Here are some tiny vestiges of the construction method; little nail holes speckle almost the entire circumference of the insole because this shoe was hand lasted. The shoemaker stretched the upper over the last and tacked it in place (rather than using the modern method of staple side lasting, where the upper is pulled and stapled to a canvas rib) leaving behind dozens of little nail holes once they’ve all been removed.
The toe puff is beautifully sculpted. It didn’t show up very well in this picture but you can see the scrape marks along the sides where the shoemaker formed the leather into the shape he wanted. This isn’t your standard heat-set toe puff, where cloth/ epoxy mesh is laid over the toe and chemically hardened into the shape of the last. Each one of these is going to be just a little different.
Also you can see the alignment marks made in pen at the top.
Looking at the inside, you can see just how bad of shape this thing was in. It’s yellowing and cracking all over. Leather from the upper was flaking off in my hand and the lining was falling apart.
Hadn’t seen this before: there was an extra piece of leather underneath the whole upper part of the vamp/ eyelet area. It extended pretty far back and I’d imagine it gave extra support to the shape of the upper.
I tried to pull off the topbeading but it just broke apart whenever I touched it.
Here’s the upper with the outermost layer removed. Pretty much just lining and one enormous heel counter.

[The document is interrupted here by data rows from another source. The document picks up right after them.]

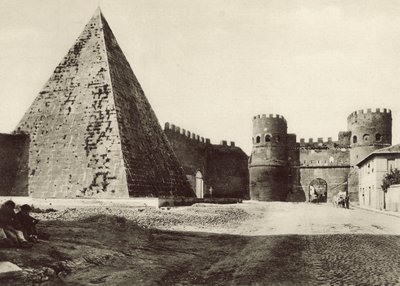 Pyramide des Caius Cestius von Italian Photographer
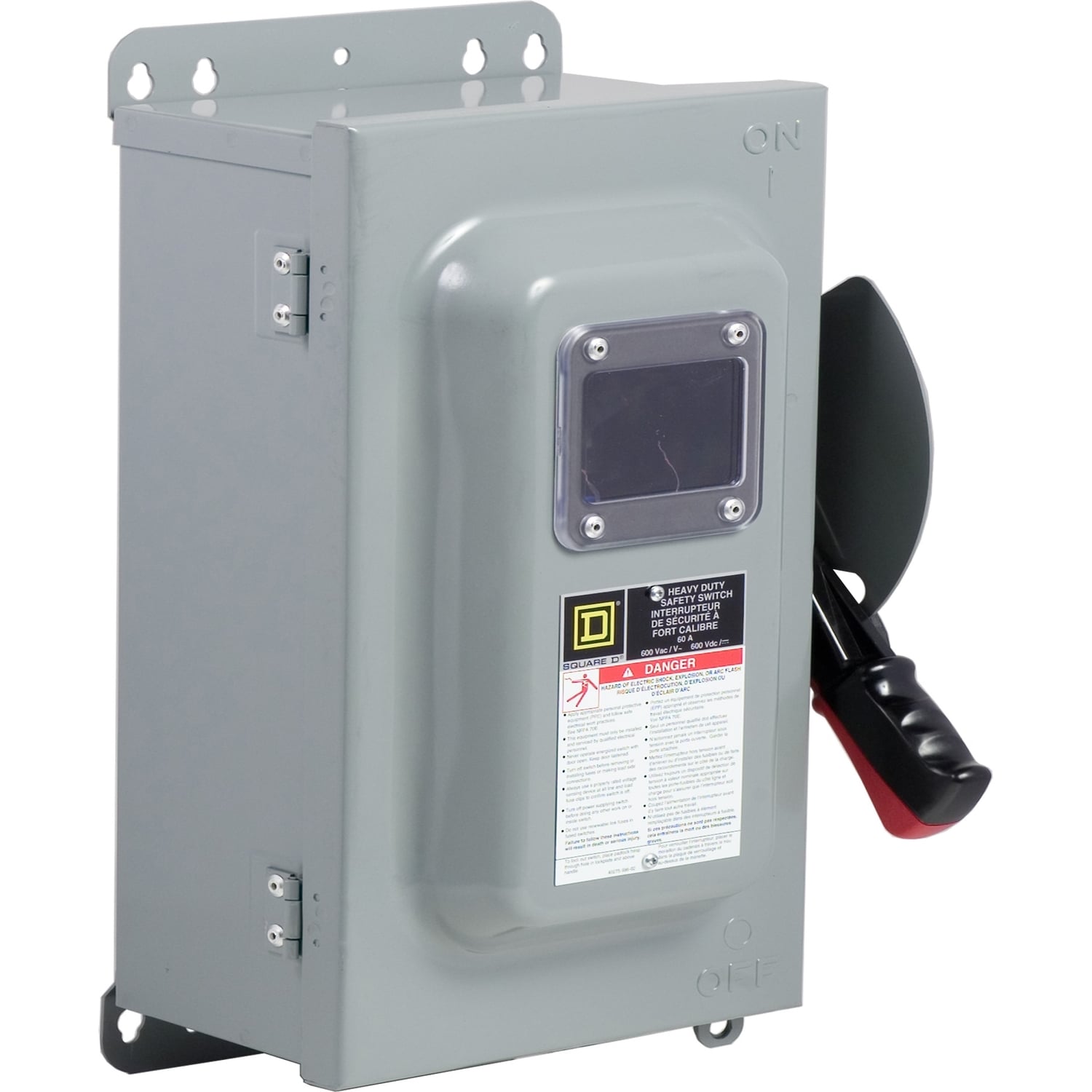 CH362AWK Fusible Heavy Duty Single Throw Disconnect Switch, 600 VAC/VDC, 60 A, 15 hp, 30 hp, 50 hp, 3PST Contact, 3 Poles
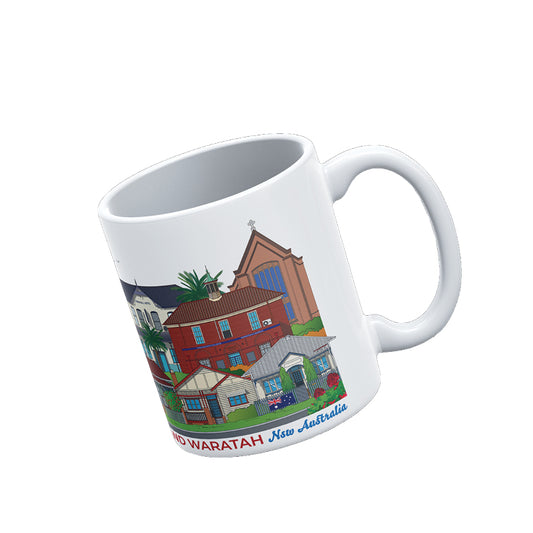 GEORGETOWN & WARATAH NSW MUG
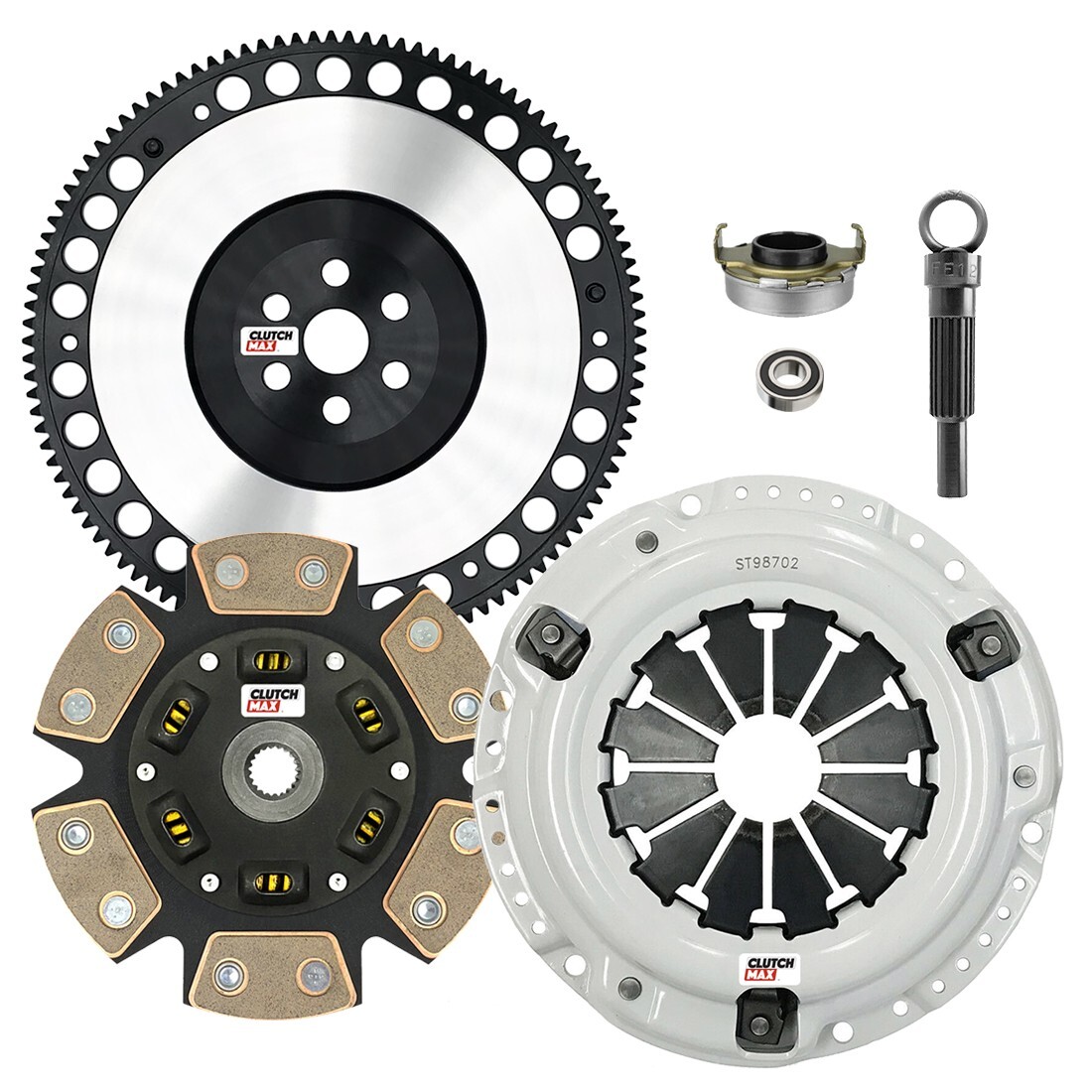 CM STAGE 3 CLUTCH & CHROMOLY FLYWHEEL KIT CIVIC D16Z6 D16Y7 D16Y8 D17A1 D17A2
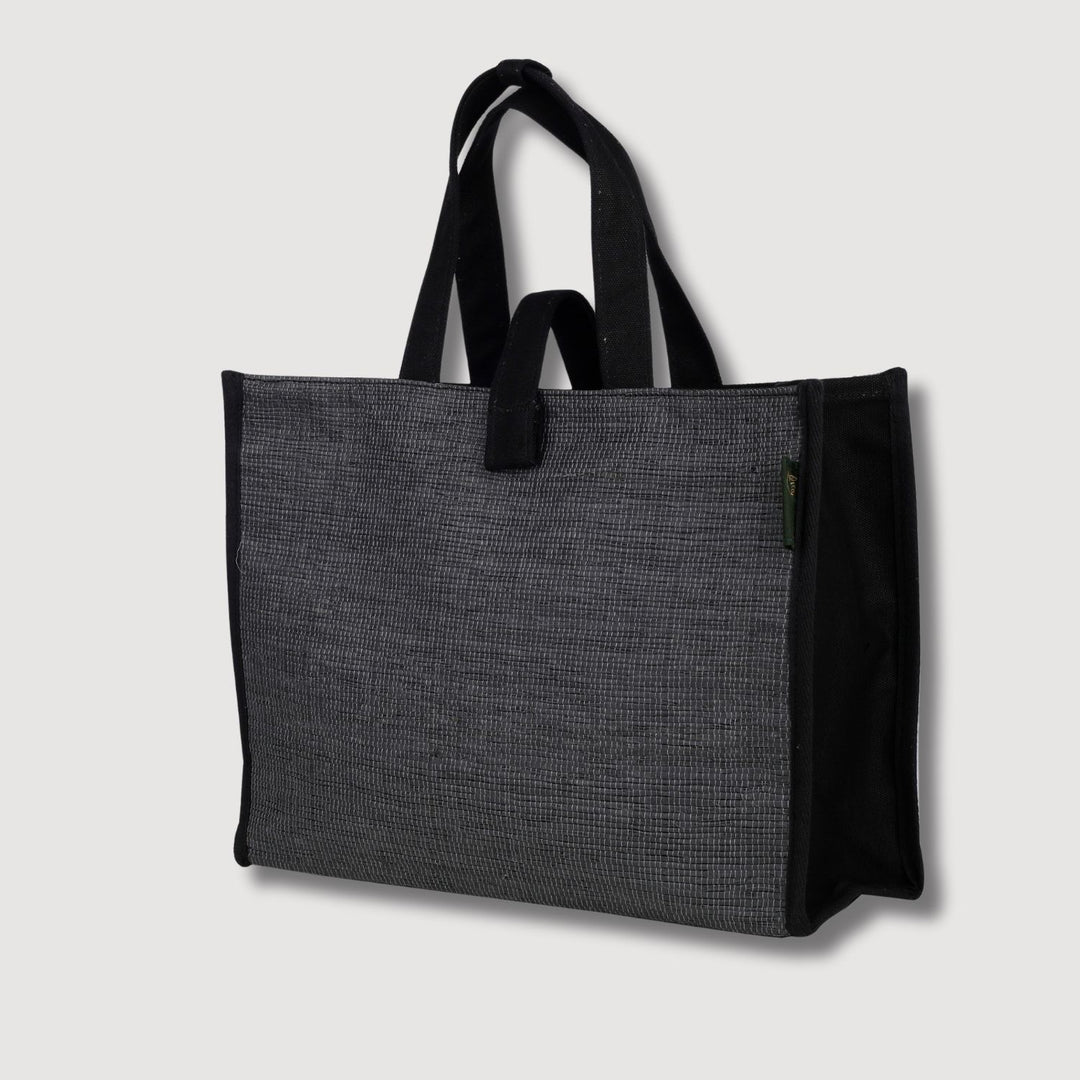 Black Tote Bag | Up-cycled | Classic Style | Hand-Crafted | Eco-Style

That part running from the heel to the black reinforcing bits might look like a lining but it’s actually a huge heel counter. Then there’s a slightly lighter counter/ reinforcing piece that runs even further, almost to the toe. These are the most structure-centric shoes I’ve ever seen.
Here’s a better perspective on the same thing; seen from the side, without the black bit. If I’d left the toe puff in place you could see that there is structural reinforcement running along the entire side of this shoe, and the black pieces would fill out the rest up to the top. The only un-reinforced place on these things is a narrow sliver just above the toes; not coincidentally, where the shoe needs to bend the most.
I didn’t realize it until I saw this picture, but these things are built like tanks.
Ok so maybe if these things are actually 100 years old or if they spent the last 20 years in a dry attic somewhere in New Mexico then they’ll get a pass. Regardless, their condition raises an interesting and often overlooked point about the relationship between price and quality. At a certain point even the finest materials and construction methods will break down. That is, quality can really only increase up to a point.
Quality seems to increase commensurately with price up ’til about the $300-$400 mark and then pretty much levels off. After that I’d have to say that it’s more about psychology than quality. It’s about the way you feel in the shoes, not the way the shoes feel on you. A pair of $1,500 shoes aren’t 10x the quality of a $150 pair, but they’ll probably make you feel 10x more successful, confident, etc.
That said and, if I’m perfectly honest, these were not of some fantastic or marvelous quality. Don’t get me wrong, they’re beautiful and more complex and made with more of a human touch than anything I’ve seen but they aren’t any higher quality in terms of structural soundness, resoleability, or the condition of the upper than a pair of AE’s. Or, to put it another way, I don’t see any evidence that the hand made construction of this shoe has contributed anything physically to its quality or condition. Aesthetics? Absolutely, but not quality.
At a certain point you’re buying art. Which is fine with me, I think John Lobbs are beautiful. But somewhere along the line your metric changes from quality (which is what you’re looking at between $1 and $400) to art (which, I’d venture to say, encompasses almost everything $400+). But hey, how else are you going to get that unmistakable feeling of success that can only come from walking on art?